Как же решается эта проблема? Давление и, вместе с ним, территориальный полицейский контроль будут только усиливаться, чтобы гарантировать, что ничего не произойдет. Беспилотный самолет, который, по признанию самой полиции, совершил контрольный полет над департаментом Сэн-Сен-Дени[8]14 июля прошлого года, рисует нам картинку будущего в более правдивых тонах, чем все возможные гуманистические словоблудия. И тот факт, что сочли нужным уточнить, что он не был вооружен, дает довольно ясное представление о том, на какой путь мы встали. Территория будет поделена на все более многочисленные взаимонепроницаемые зоны. Автомагистрали, пролагаемые по краю «сложных кварталов», возводят невидимую стену, которая вполне способна защитить от них малоэтажные буржуазные пригороды. Что бы ни думали об этом правоверные республиканцы, управление кварталами, основанное на разделениях между «сообществами», считается наиболее действенным. Посреди этого грядущего все более сверкающего и изощренного распада, городское меньшинство, живущее в основных городских центрах, будет вести свою роскошную жизнь. Вся планета будет освещена огнями этого богатого публичного дома, в то время как спецназ и полицейские патрули будут размножаться до бесконечности, а правосудие будет все более безнаказанно их покрывать.

Тупик настоящего заметен везде и во всем, но его повсюду отрицают. Современные психологи, социологи, литераторы, каждый на своем жаргоне, с небывалой оживленностью пытаются об этом рассуждать, однако бросается в глаза отсутствие у них каких-либо выводов. Достаточно вслушаться в песни эпохи, — с одной стороны, остроумные пустячки «французского шансона», в котором мелкая буржуазия препарирует свои состояния души, с другой стороны, объявления войны радикальными рэперами из группы «Mafia К’1 Fry», — чтобы понять, что это зыбкое сосуществование скоро рухнет, и что исход не за горами.

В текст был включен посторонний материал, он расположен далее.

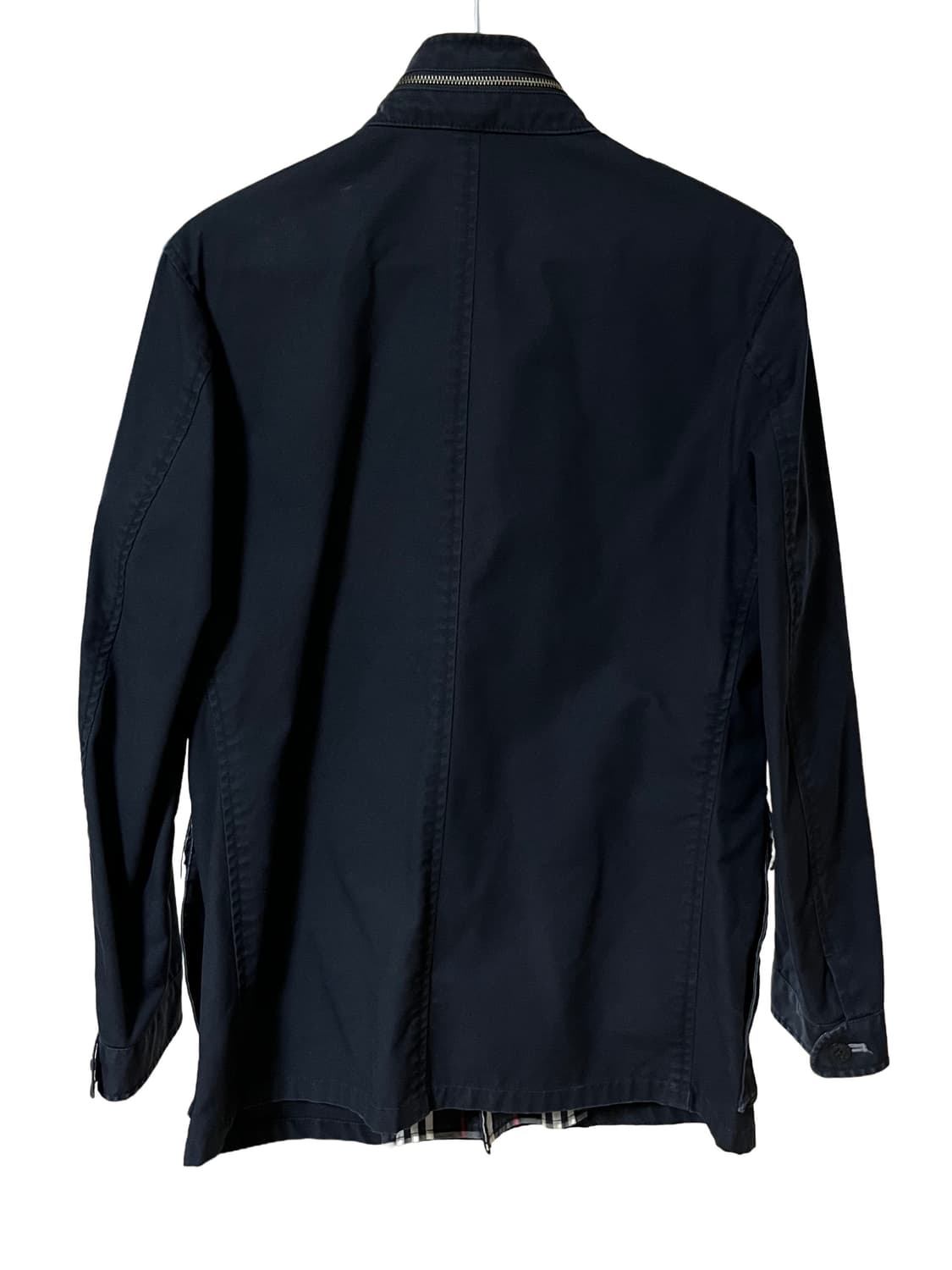 버버리 블랙라벨 M65 필드자켓 상품이미지2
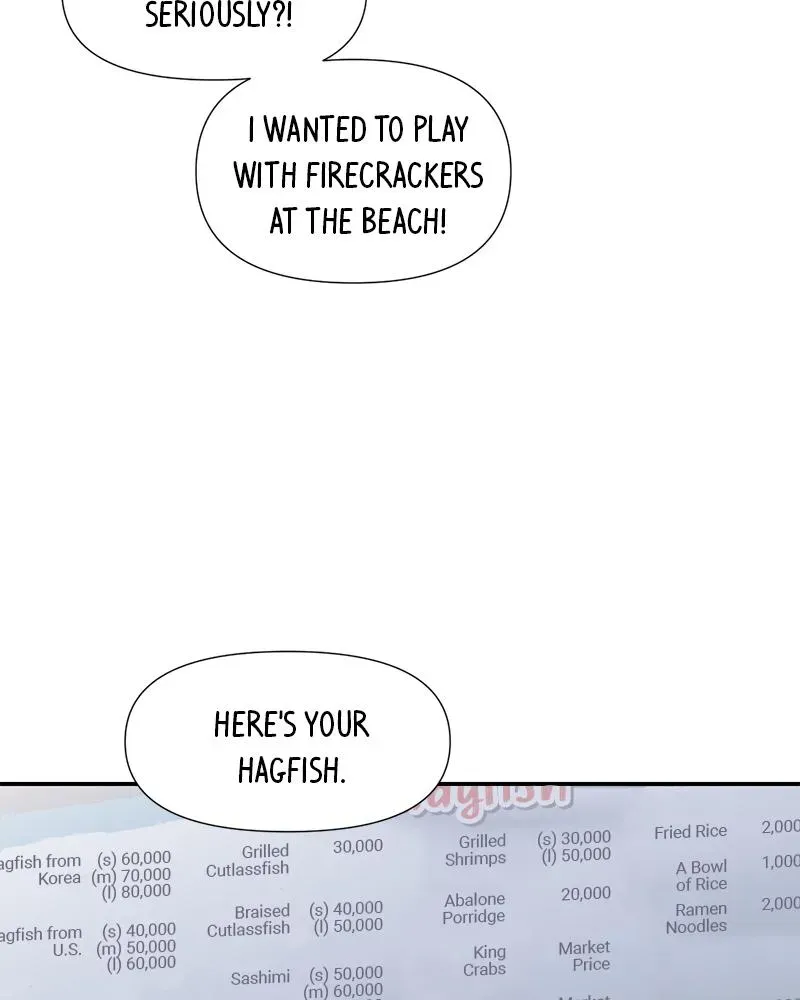 Her Bucket List Chapter 40 page 87 - 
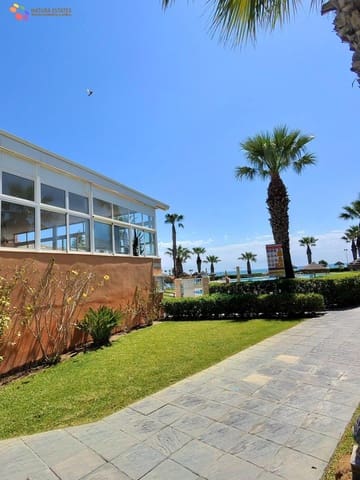 3 soveværelse Lejlighed til salg i Vera Playa Naturista, Vera - € 299.000 (Ref: 9330582)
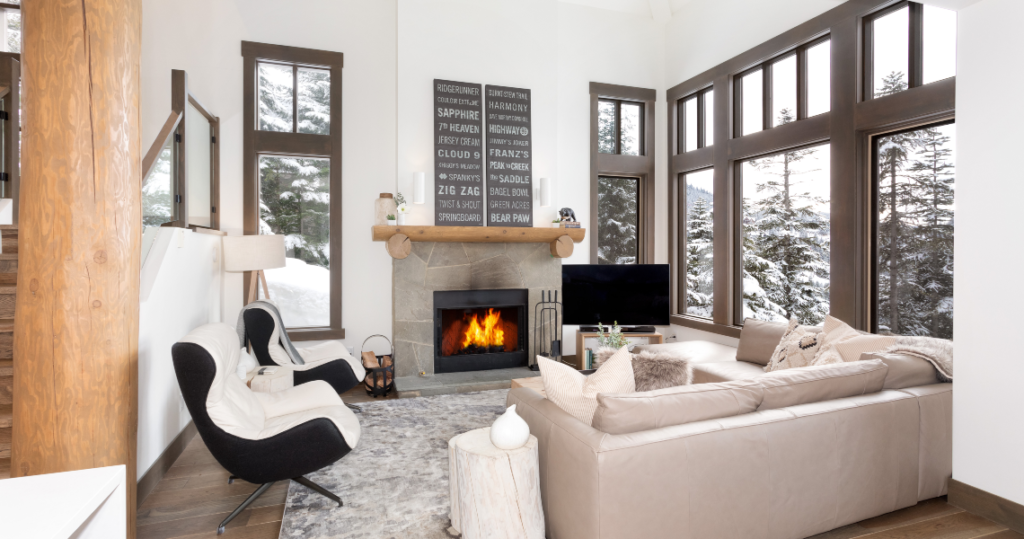 AZ Whistler Listing by Whistler Platinum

Эта книга подписана именем воображаемого коллектива. Ее составители не являются ее авторами. Они довольствовались тем, что слегка упорядочили общие места эпохи и придали стройности бормотанию в барах и за закрытыми дверями спален. Они лишь зафиксировали неизбежные истины, те, повсеместное вытеснение которых приводит к переполнению психиатрических больниц и вызывает боль во взглядах. Они почувствовали себя летописцами этой ситуации. В том и преимущество радикальных обстоятельств, что их точное представление по всей логике приводит к революции. Достаточно сообщать о том, что разворачивается у тебя перед глазами, и не утаивать тот вывод, который при этом напрашивается.